With a number of mobile pay apps to choose from, splitting the bill has never been easier.

Mobile banking is defined as any financial transaction that is made using a mobile device. This includes peer-to-peer payment apps, banking apps, and mobile wallets.

The practice of mobile banking has become so ubiquitous over the past few years that many people don’t think twice when it comes to using an app to pay a roommate for utilities or settle a debt with a friend. Even small businesses are getting on board, as more and more are beginning to accept mobile app payments in exchange for goods and services.

But how secure are mobile payments?

Despite their ubiquity, just half of all millennials think mobile pay apps are truly safe. And for baby boomers, that percentage is even less.

For all the apprehension, it might surprise you to learn that mobile apps are often deemed more secure than using your debit or credit card online. That’s because most forms of online banking use encryption methods to obscure your account numbers and other personal information.

Of course, that doesn’t mean these transactions are completely devoid of risk. Like any internet-mediated transaction, hacking and fraud are legitimate concerns when it comes to your mobile pay security.

The good news is that, armed with the right knowledge, you can take action to secure your financial data. Read on for insights regarding how to protect against fraud with mobile banking.

Keep your friends close, keep your smartphone closer.

It’s no exaggeration to say that losing your phone is akin to losing your wallet. In fact, it’s worse. We store an immense amount of personal information on our smartphones—information that goes far beyond bank account numbers and our home address. And while there are plenty of good-natured folks who would do the right thing should they come across a lost phone, the sad reality is that there’s always a chance your missing phone could fall into the wrong hands.

All that said, life happens. Even the most careful individuals slip up from time to time. That’s why, no matter how good you may be about keeping track of your belongings, it’s recommended you leverage your smartphone’s built-in security protections to their full extent. Using a passcode and a biometric method such as a fingerprint or facial recognition may seem like an inconvenience in your day-to-day life, but two-factor authentication will go a long way toward keeping thieves out should the unthinkable come to pass.

Know thy mobile pay apps.

PayPal, Venmo, and Zelle are practically household names, each having cultivated a trusted reputation as reliable mobile banking apps over the course of many years. Sure, they’re not the only trusted names in the business. But when it comes to something as sensitive as your financial data, it’s best to opt for services with clout.

Before you download a mobile pay app, always do your homework. Check in with friends and family about what apps they’re using and the experiences they’ve had thus far. Set aside time to read online reviews. You might even try searching the internet for the mobile pay app in question along with other keywords like “fraud,” “data breach,” and “reliability.”

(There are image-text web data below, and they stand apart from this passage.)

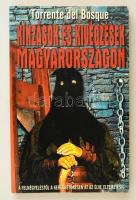 Torrente del Bosque: Kínzások és kivégzések Magyarországon. Bp., 2004, Vagabund Kiadó. Kiadói papírkötésben.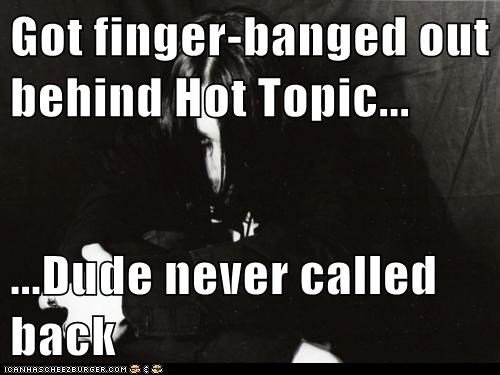 Got finger-banged out behind Hot Topic...  ...Dude never called back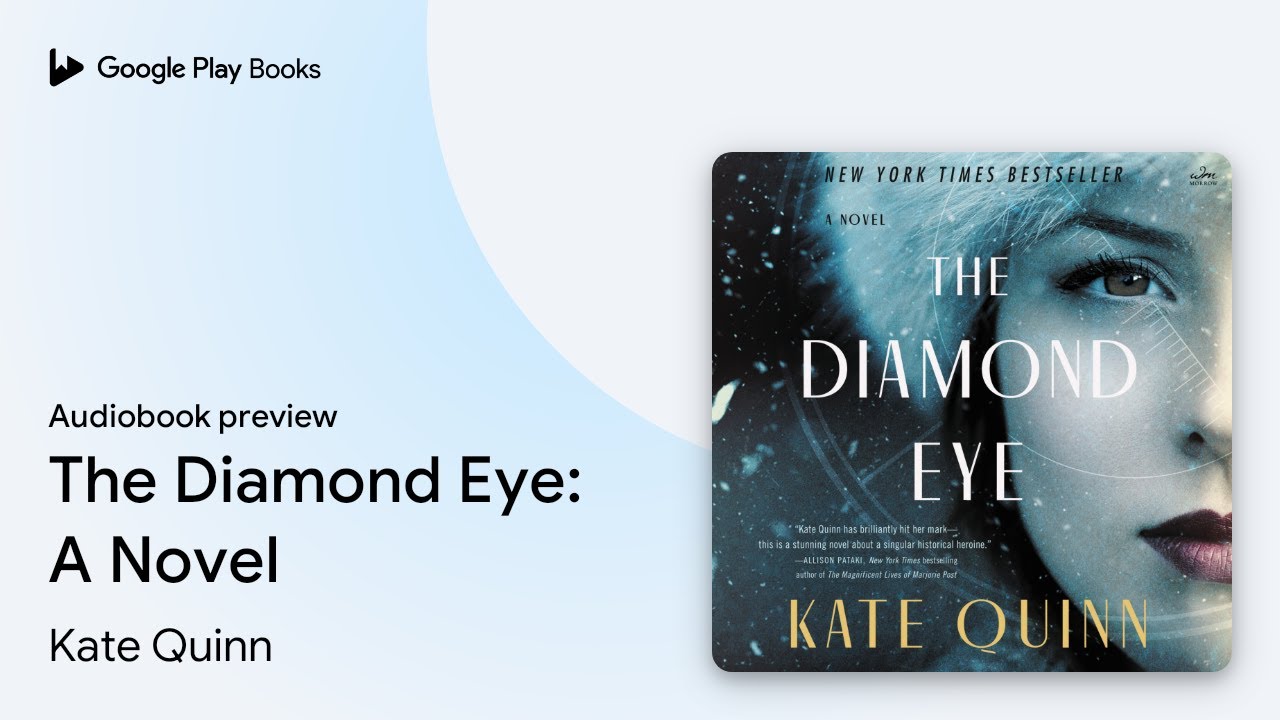 The Diamond Eye: A Novel by Kate Quinn &middot; Audiobook preview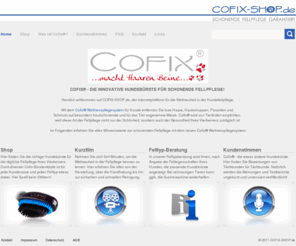 schonende-fellpflege.info: Home - COFIX-SHOP.de - Cofix, die innovative Hundebürste zur Fellpflege
Cofix® ist eine Weltneuheit im Bereich Fellpflege für Hunde. Die Cofix Hundebürste ermöglicht schonende Fellreinigung mit jedem handelsüblichen Hausstaubsauger. Cofix entfernt lose Haare und Insekten, Hautschuppen und Schmutz. Es gibt verschiedene Hundebürsten zur Auswahl. Ideal während des Fellwechsels.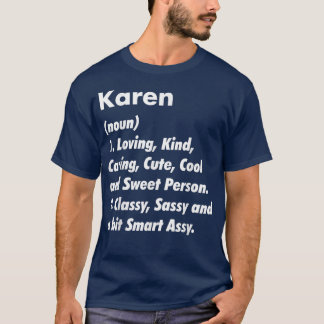 T-shirt Karen Définition Personnalisée Drôle Cadeau Annive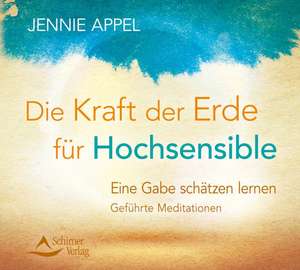 Die Kraft der Erde für Hochsensible de Jennie Appel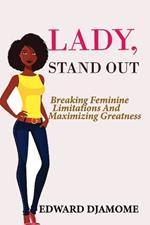 Lady Stand Out: Breaking Feminine Limitations and Maximizing Greatness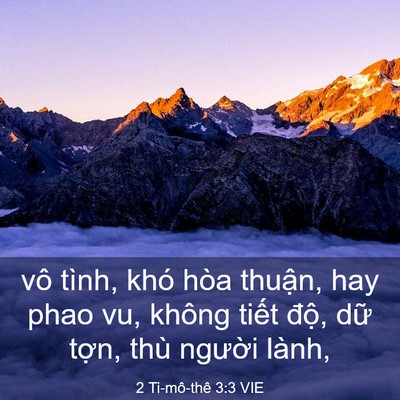 Picture 03 - 2 Ti-mô-thê 3:3 VIE - vô tình, khó hòa thuận, hay phao vu, không - Bible Verse Picture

No app will have an entirely spotless record—human error is a factor, after all. But it’s generally a good idea to pass on a mobile banking app if you’ve never heard of it before.

There’s no Wi-Fi like home Wi-Fi.

When you add credit card information to your mobile wallet, encryption methods ensure those numbers are securely stored. But things get a little murky when you do so while using an unsecured public Wi-Fi network. That’s because some hackers will lurk on those networks and launch spoofing attacks on unsuspecting users.

Spoofing is the act of setting up a fake registration system that looks just like the mobile apps you know and trust. If you enter financial information into your phone while using public Wi-Fi, there’s a chance you could be handing your account numbers directly to a cybercriminal. As such, it’s recommended you postpone making any updates to your mobile wallet until you’re in the comfort of your own secure Wi-Fi connection.

If there’s absolutely no way around it and you have to make that update from wherever you are, use a personal virtual private network (VPN) to get it done. Sounds complicated, but setting up a VPN is simple—and definitely worth the peace of mind.

Pay attention to the score—your credit score.

When it comes to how to improve security on mobile pay, you can do everything right and still fall victim to cyberthieves. That’s why it’s so important to understand and monitor your credit reports. The sooner you detect and report fraudulent activity, the faster you can intervene to protect your credit health. And while most financial services offer built-in detections that alert you to suspicious activity on your account, it’s better to work in tandem with those features in case something falls through the cracks.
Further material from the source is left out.